INHALTE FÜR STUDIERENDE
  • Theorie zu Autofiktionalität / Literatur
  • Techniken autofiktionalen Schreibens (Tagebuch, Schreibübung, Improvisation, Stand-Up)
  • Kennenlernen von Schreibpraktiken von anderen Autor*innen (Stand-Up, Theater, Literatur)
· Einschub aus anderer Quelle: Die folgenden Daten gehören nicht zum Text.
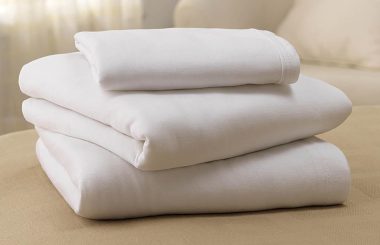 A neatly folded stack of white bed sheets rests on a light beige surface, possibly a bed or table, near a blurry off-white couch.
  • Körper bzw. Bewegungsübungen
  • Feedback-Tools
  • Grundlagen der Dramaturgie und Materialsammlung
  • Teilnahme an mindestens einem Open Mic in Zürich
  • Erarbeiten einer autofiktionalen Performance
BIORGAPHIE

Moritz Sauer (er/ihn) moderiert seit zehn Jahren Projekte als Autor, Regisseur, Dramaturg, Performer und Produktionsleiter. Er arbeitet mit Menschen, deren Gehirne er liebt, und gemeinsam erschaffen sie Räume für persönlichen und künstlerischen Austausch über politische Themen. Er entwickelte an oder in Zusammenarbeit mit Institutionen wie dem Maxim Gorki Theater, dem Studio Я, dem Internationalen Theaterfestival MESS/Scene MESS, dem Bosnischen Nationaltheater Zenica, dem Ballhaus Ost Berlin, der Dampfzentrale Bern und dem Tanzhaus Zürich, sowie den Festivals zadar snova und Open Futures; er wurde alleine oder als Teil von Kollaborationen zum Spieltriebe 8 Festival des Theaters Osnabrück, dem 22.figuren.theater.festival Erlangen, sowie dem Zoom-In Festival von Nachtkritik.de eingeladen. Er mitbegründete das Duo BR*OTHER ISSUES, das Kollektiv fag gods & friends und den Verein COSMIC RELATIONS*. Im Januar 2022 schloss er sein MA Studium in Schauspiel an der ZHDK ab. Er lebt und arbeitet in Zürich und Berlin.